Who cares about a forecast you say? It’s just garbage in, garbage out?

We will all care when we discover that taking out the garbage just cost us a billion dollars for an ocean desalination project!

In business, you risk your own money when you make a bad forecast. In the public arena, the public pays the cost of bad forecasting in expensive and unnecessary projects.

In Orange County, hardly a meeting of a water agency goes by without a board member championing the need for ever-increasing water supplies. On two recent occasions I have heard Orange County Water District Board Member Cathy Green project that “we” needed another 80 to 90 thousand acre feet of water by 2035 due to projected population increases.

Many, if not most public agencies rely heavily on population growth as a driver of future water demand forecasts. It seems logical at first blush; more people, more demand. But the reality is more nuanced, and population and consumption are becoming poorly correlated due to many factors.

The Seattle Public Utilities is a case on point. Prior to investing heavily in massive infrastructure, they decided to re-visit their demand projection forecasts that were constantly revised downward, as shown in the chart below.

Debbie chart 1

For example, they discovered that in 1985 the City of Seattle projected that demand by 2000 would be 200 million gallons per day (mg/d) and by 2005 would be 210 to 215 mg/d. The actual 1987 demand turned out to be 147mg/d and in 1992 it was 130 mg/d.

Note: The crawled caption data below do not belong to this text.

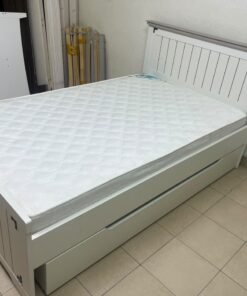 A white wooden single bed featuring a pull-out trundle bed underneath, with two matching padded mattresses. - Image 4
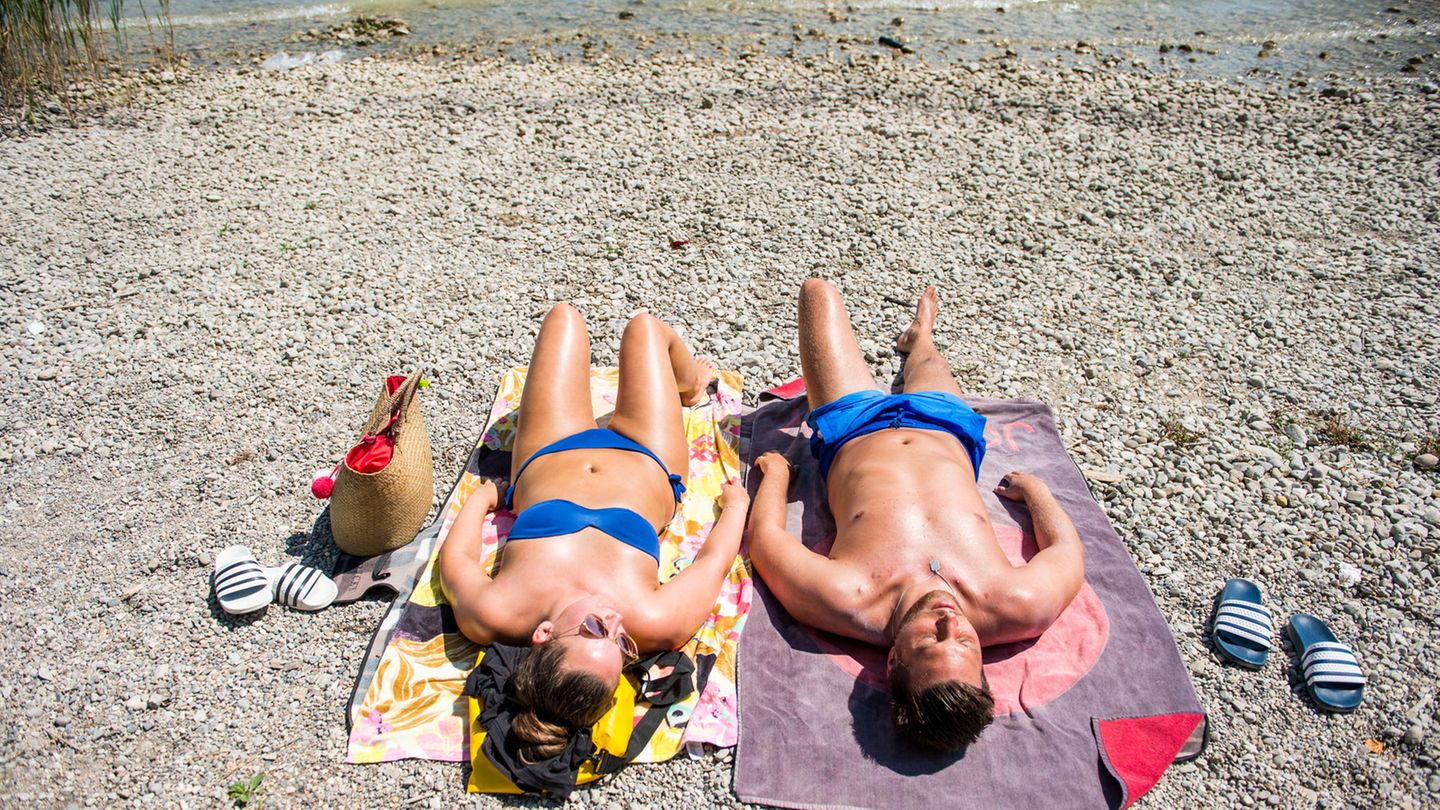 Auf zwei Baedtüchern liegen eine Frau und ein Mann in Badesachen nebeneinander auf einem Kiesstrand. Am oberen Bildrand der See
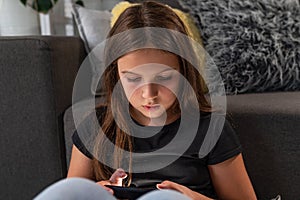Schoolkid spending too much time on mobile device photo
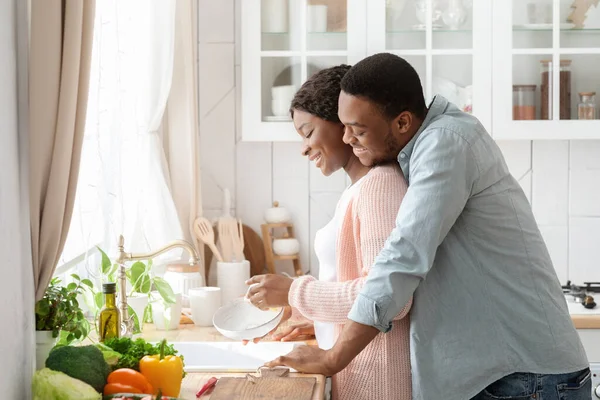 Romántica pareja negra platos de limpieza y la unión en la cocina — Foto de Stock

In the Seattle region, the reevaluation of demand forecasting ushered in the adoption of new forecasting models that serve the unique characteristics of each community. Population is still a consideration but it is now modified by mitigating factors. These changes have resulted in the determination that water demands could be met through 2050 without additional and costly infrastructure projects.

Debbie chart 2

Indeed, nationwide, urban water consumption is responding to practices that are driving down per capita consumption, including the price of water, frequency of billing, changing demographics, housing types, the extent of adoption of efficient technologies, conservation, and the effect of education and public attitude.

Has Orange County avoided this national trend? Let’s see.

OCWD manages the Orange County groundwater basin and serves those cities that hold rights to pump from the basin. This year, the basin is providing 72 percent of North Orange County’s water needs.

From the OCWD website I was able to download Engineer’s Reports from the past eight years. From these and other public documents you can see that OCWD members are making the same forecasting errors that were being made in the Seattle region.

In 2005/06 OCWD forecast demand would jump from the then current demand of 500,000 acre-feet to 614,000 acre feet by 2025. By 2012/13 they had modified projections from the then current demand of 435,000 acre feet to 525,000 acre feet by 2035. In an eight year span the demand forecast had been reduced by 89,000 acre feet without any analysis or comment.

Debbie chart 3

But what is the trend in the OCWD service area? In other public documents I found historic data going back to 1989. If you run a linear trend line forward you see that consumption is trending downward, not upward.

Debbie chart 4

There is no debate that population has increased in Orange County. However, reading OCWD’s reports shows that perhaps we need to bring back the chimp for another round. Here are the reported then-current populations and projected populations listed in the reports:

2005/06 2.3 million, grows to 2.55 by 2025

2006/07 2.3 million, grows to 2.55 by 2025

2007/08 2.4 million, grows to 2.67 by 2025

2008/09 2.38 million grows to 2.7 by 2035

2009/10 2.38 million, grows to 2.7 by 2035

2010/11 2.28 million (census year), grows to 2.54 in 2035

2011/12 2.28 million, grows to 2.7 in 2035

2012/13 2.28 million, grows to 2.7 in 2035

The reality check was the 2010 census, but future and past population numbers appear to be plucked from thin air, lacking any kind of objectivity or scientific rigor. I think it is fair to say that these figures are random at best.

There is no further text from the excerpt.